Honky-tonk hero explores his hardscrabble Houston roots with an autobiography and a CD

By John Nova Lomax

Published on March 08, 2007

The last few years have seen a mini-trend of internationally renowned artists releasing albums about growing up in Houston. Rodney Crowell got the ball rolling with The Houston Kid in 2001; a year later, jazzman Joe Sample served up his H-Town homage The Pecan Tree. And last week, Johnny Bush served up Kashmere Gardens Mud: A Tribute to Houston's Country Soul, the companion CD to his freshly released biography Whiskey River (Take My Mind). The book was cowritten with former Chronicle music critic Rick Mitchell, who also produced the CD.

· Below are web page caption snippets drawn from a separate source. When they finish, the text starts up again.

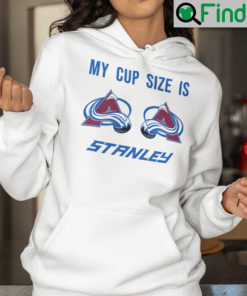 My Cup Size Is Stanley Colorado Avalanche Hoodie Shirt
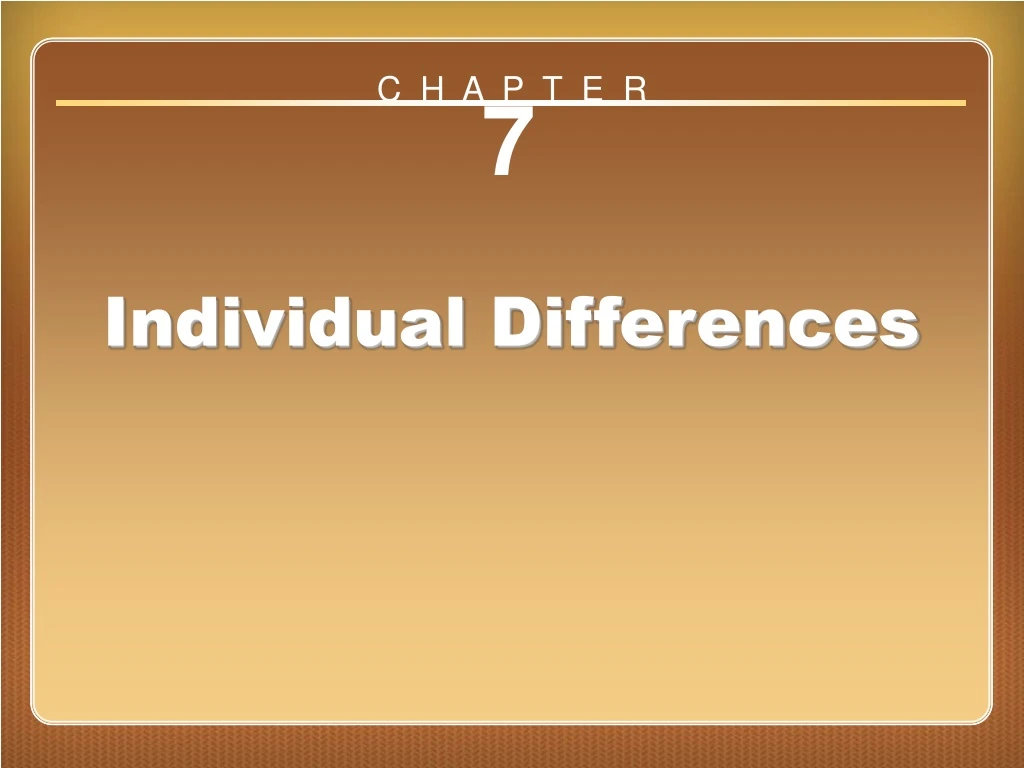 chapter 7 individual differences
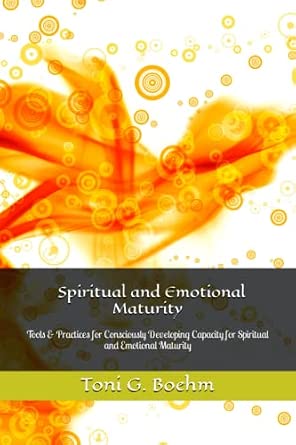 Spiritual and Emotional Maturity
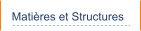 Matières et Structures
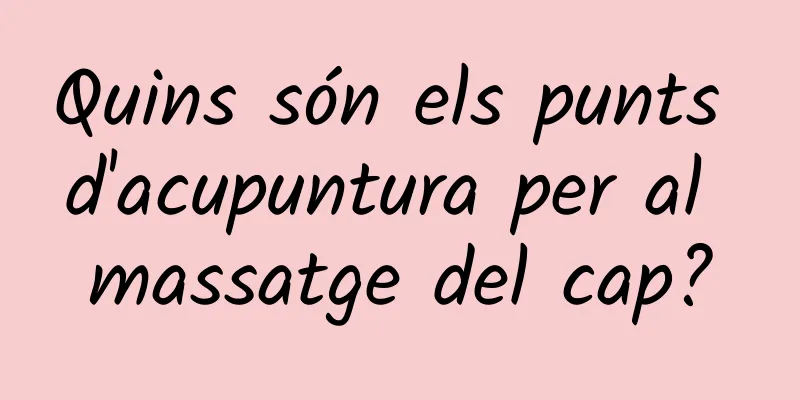 Quins són els punts d'acupuntura per al massatge del cap?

Bush needs no introduction to hard-core country fans or even casual fans of Texas music, but were it not for a cruel twist of fate he would likely be a household name from Mendocino to Maine. Not only is he the composer of Willie Nelson's theme "Whiskey River," but his powerful, skyrocketing voice earned him the nickname "The Country Caruso." In 1972, just when everything was starting to take off for him nationally, he was sidelined by a rare vocal ailment from which he has partially recovered. Since then, he has made a strong comeback on the honk-tonk/dancehall circuit, where the respect he commands from both other artists and fans is second to none.

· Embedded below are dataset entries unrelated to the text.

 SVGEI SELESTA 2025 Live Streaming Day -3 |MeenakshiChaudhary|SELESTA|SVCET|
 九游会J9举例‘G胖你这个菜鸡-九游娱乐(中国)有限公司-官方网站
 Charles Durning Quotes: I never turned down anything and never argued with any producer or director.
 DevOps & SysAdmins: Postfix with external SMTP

Kashmere Gardens Mud is not just Bush's personal reminiscence of life in what was then the poor white continuation of the nearby Fifth Ward -- he also sets out to conjure the multiethnic metropolis that Houston already was even in the 1950s. "In writing the book, I would mention certain songs to Rick, and he would say, 'Pick up a guitar and sing it to me,'" Bush says over the phone from his house in San Antonio. "And towards the completion of the book I had written the song 'Kashmere Gardens Mud,' and we included the lyrics in the book. So then Rick thought it would be a good idea to do a CD in conjunction with the book that would try to encompass all the Houston talent and songwriters in all the different groups -- the pop, the blues, the country, the Hispanic, the French...Get the whole Houston sound. He thought that was a good idea and I did, too."

Make that three of us. It is a good idea and it has made for an instant classic, a breathtaking evocation of Eisenhower-era Houston's murderous honky-tonks, Cajun dance halls, Mexican cantinas, sweltering shotgun shacks, oyster-shell streets, tiny clapboard church-houses and Fifth Ward ballrooms.

The Sugar Hill Studios recording features contributions from Calvin Owens, Jesse Dayton, Brian Thomas, Nelson Mills III, Bert Wills and members of the Houston Symphony. All told, it reminds me a bit of what the classic book Sig Byrd's Houston might sound like if set to music.

The best way to get to know it is to let Bush take us through it track by track, and so, without further ado, here we go:

1. "Kashmere Gardens Mud": "This one chronicles my life as a kid...Back then, there were no paved streets -- just shell roads made from oyster shells they'd dredged up out of the bay, and we had no electricity, no running water, no indoor plumbing."

2. "I'll Sail My Ship Alone": "This is an old Moon Mullican song I used to hear a lot. I just wanted to have a swing tune here."

3. "Free Soul": "This represents the blues part of Houston. We made this with Calvin Owens, who was the bandleader for B.B. King for about 20 years. It was great working with Calvin. It was the biggest session I was ever involved in with all the horns. I told Mister Owens, 'I just hope I can hold up my end of this thing.' But I think it turned out real well. He's a real pro and very easy to work with, and he was kind enough to be gentle with me, because those big band arrangements are kind of foreign to me. What was amazing was when you are reading charts like they were, we laid down this track and 'Born to Lose' in about an hour and a half. If you tried to do that without arrangements, it would have taken days."

4. "Born to Lose": "This was written by Ted Daffan, a Houston boy I knew when I was growing up who wrote a lot of great songs like this -- 'Truck Driver's Blues,' 'I'm a Fool to Care' and 'Worried Mind.' When they brought in the strings from the Houston Symphony to play on this, it just blew me away."